Write out exactly the lines below from the one containing "Oaks Nelson Bay Lure Suites - QLD Tourism 1" to the last, both ends kept, and nothing more; skip all pictures.

[Scraped caption text data]
===

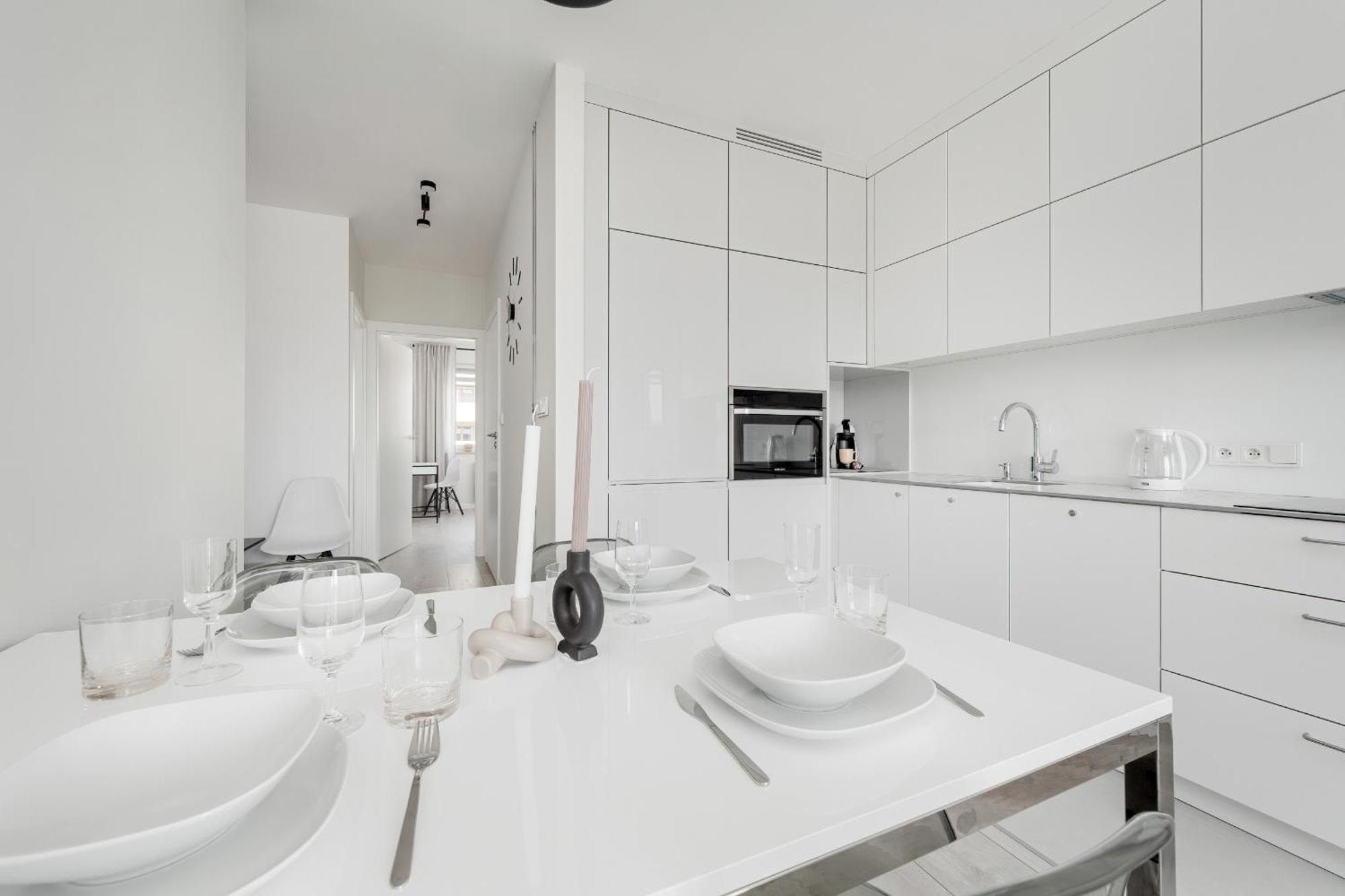 Miedziana Bright Apartment With Balcony And Parking Wroclaw By Noclegi Renters Exterior foto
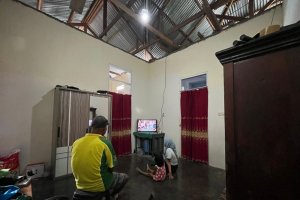 PLN sukses hadirkan listrik 24 jam penuh di lima pulau di Maluku.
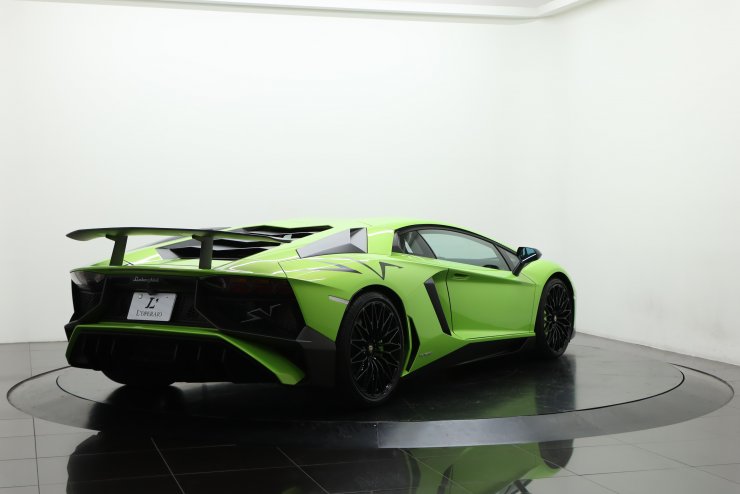 ランボルギーニアヴェンタドールSV・SVJカタログ2冊セット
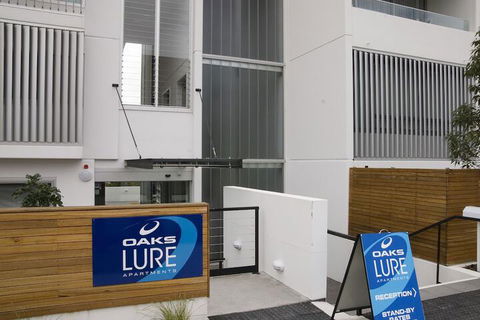 Oaks Nelson Bay Lure Suites - QLD Tourism 1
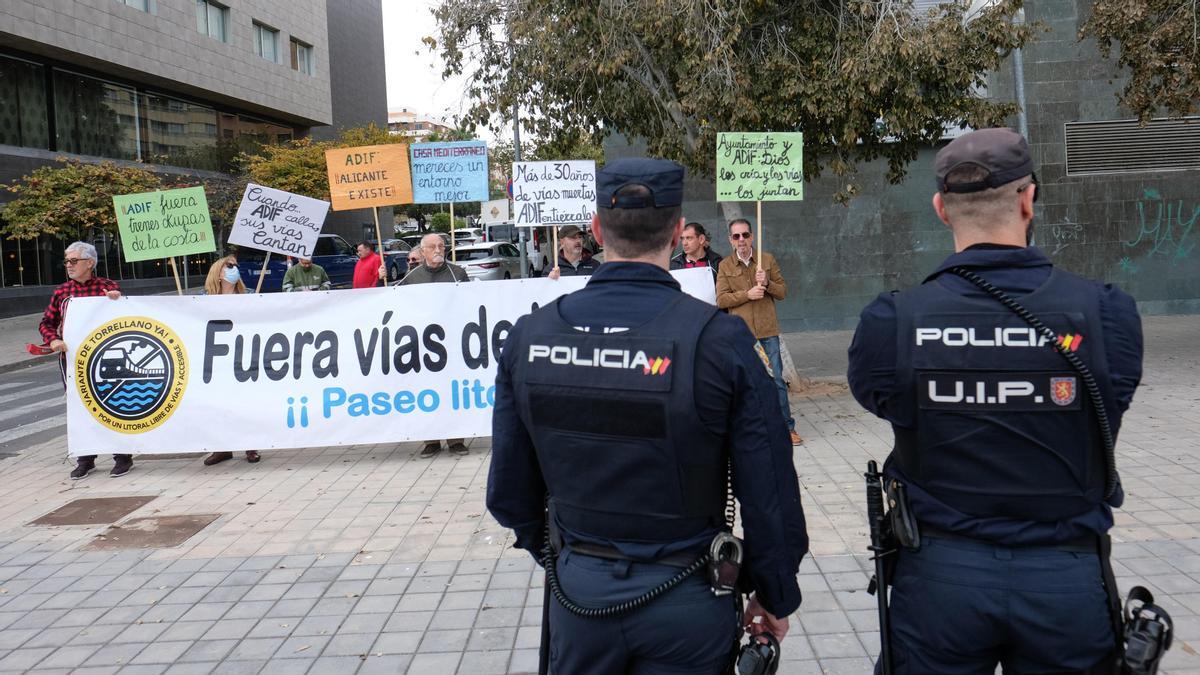 Vecinos de la zona sur, con carteles y pancarta contra las vías en la costa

===

Exercise response:
 Oaks Nelson Bay Lure Suites - QLD Tourism 1
 Vecinos de la zona sur, con carteles y pancarta contra las vías en la costa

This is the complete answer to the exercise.